PETALING JAYA: YTL Cement Bhd’s mandatory takeover offer of Lafarge Malaysia Bhd at RM3.75 per share is not fair and not reasonable, said AmInvestment Bank Bhd.
In its independent advice circular, AmInvestment Bank has recommended shareholders to reject the offer.
According to AmInvestment Bank, the offer price of RM3.75 is not fair as it is lower than and represents a discount from 2.2% to 18.5% over the range of fair values of RM3.83 per Lafarge share and RM4.60 per Lafarge share.

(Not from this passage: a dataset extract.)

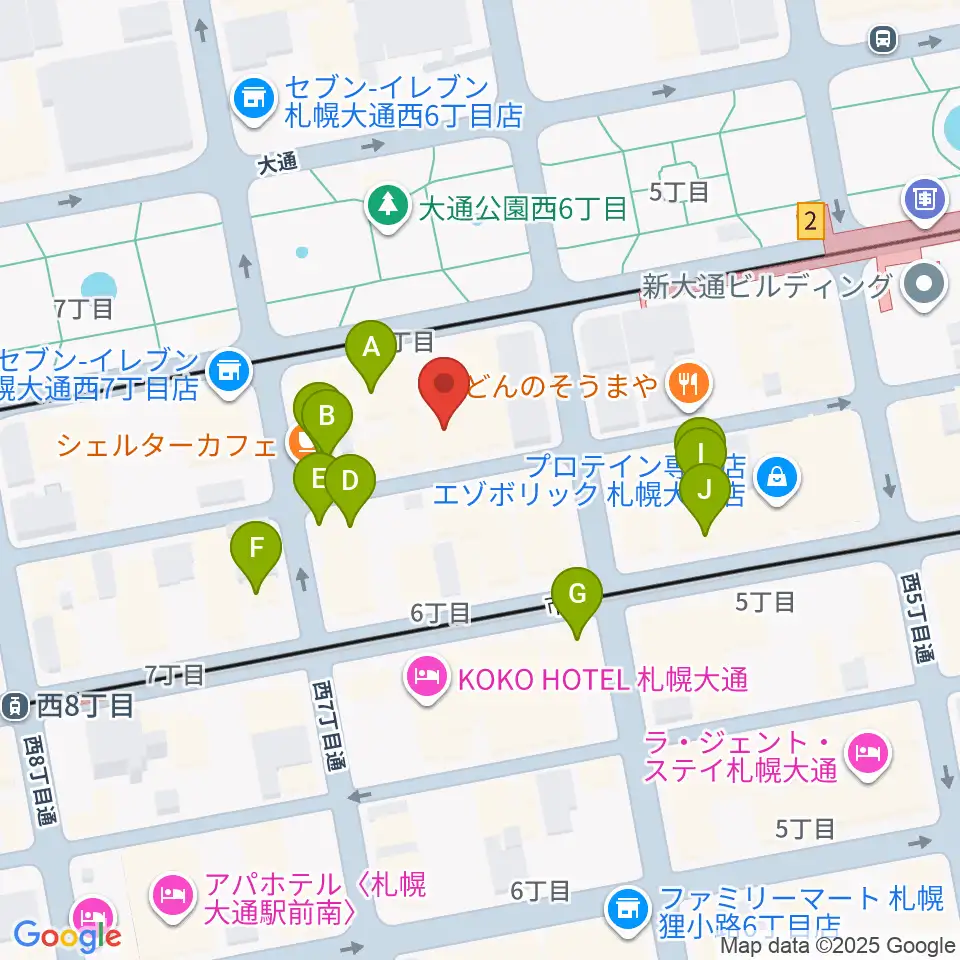 札幌ザ・ルーテルホール周辺のカフェ一覧地図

The range of fair values takes into consideration the revival/resumption and on-going review of large infrastructure projects and the emergence of the enlarged YTL Cement Group as a clear market leader with capacity share of about 63% in Peninsular Malaysia, which may potentially increase the demand and average selling price of cement.
“One of the main reasons for the current low market price of Lafarge shares which has been trading below the offer price since May 2018 up to the notice is due to the suspension announcements.
“Hence, the implementation of large infrastructure projects and/or fruitful initiative of the Malaysian government in promoting affordable housing may potentially increase cement demand and contribute positively to the financial results of Lafarge group and share price movement of Lafarge shares,” it said.
It also said that the offer is not reasonable as it is the intention of YTL Cement to maintain the listing status of Lafarge and keep the shares traded unless YTL Cement either individually or jointly with its associates hold in aggregate 90% or more of Lafarge shares and Lafarge does not comply with the public spread requirement.
“Notwithstanding that the Lafarge shares are relatively illiquid, holders who hold small blocks of Lafarge shares may still have the opportunity to dispose of their shares in the open market subsequent to the closing date as the offeror intends to maintain the listing status of Lafarge,” it added.
At the noon break, Lafarge’s share price was unchanged at RM3.75 on 163,800 shares done.